## Your goal
The whole listing below is to be returned without alteration.

## Records supplied
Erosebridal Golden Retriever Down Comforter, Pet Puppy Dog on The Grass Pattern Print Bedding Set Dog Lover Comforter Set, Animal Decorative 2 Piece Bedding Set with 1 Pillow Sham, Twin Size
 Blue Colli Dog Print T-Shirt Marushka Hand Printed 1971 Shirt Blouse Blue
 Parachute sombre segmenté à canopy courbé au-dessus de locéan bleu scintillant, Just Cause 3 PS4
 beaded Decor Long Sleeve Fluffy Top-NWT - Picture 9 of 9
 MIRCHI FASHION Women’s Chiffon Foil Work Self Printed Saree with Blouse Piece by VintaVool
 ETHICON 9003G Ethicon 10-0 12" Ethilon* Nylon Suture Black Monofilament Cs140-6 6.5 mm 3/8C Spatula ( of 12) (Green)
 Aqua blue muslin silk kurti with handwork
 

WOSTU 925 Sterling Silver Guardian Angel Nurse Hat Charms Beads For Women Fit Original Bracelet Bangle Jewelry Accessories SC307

## Exercise answer
Erosebridal Golden Retriever Down Comforter, Pet Puppy Dog on The Grass Pattern Print Bedding Set Dog Lover Comforter Set, Animal Decorative 2 Piece Bedding Set with 1 Pillow Sham, Twin Size
 Blue Colli Dog Print T-Shirt Marushka Hand Printed 1971 Shirt Blouse Blue
 Parachute sombre segmenté à canopy courbé au-dessus de locéan bleu scintillant, Just Cause 3 PS4
 beaded Decor Long Sleeve Fluffy Top-NWT - Picture 9 of 9
 MIRCHI FASHION Women’s Chiffon Foil Work Self Printed Saree with Blouse Piece by VintaVool
 ETHICON 9003G Ethicon 10-0 12" Ethilon* Nylon Suture Black Monofilament Cs140-6 6.5 mm 3/8C Spatula ( of 12) (Green)
 Aqua blue muslin silk kurti with handwork
 

WOSTU 925 Sterling Silver Guardian Angel Nurse Hat Charms Beads For Women Fit Original Bracelet Bangle Jewelry Accessories SC307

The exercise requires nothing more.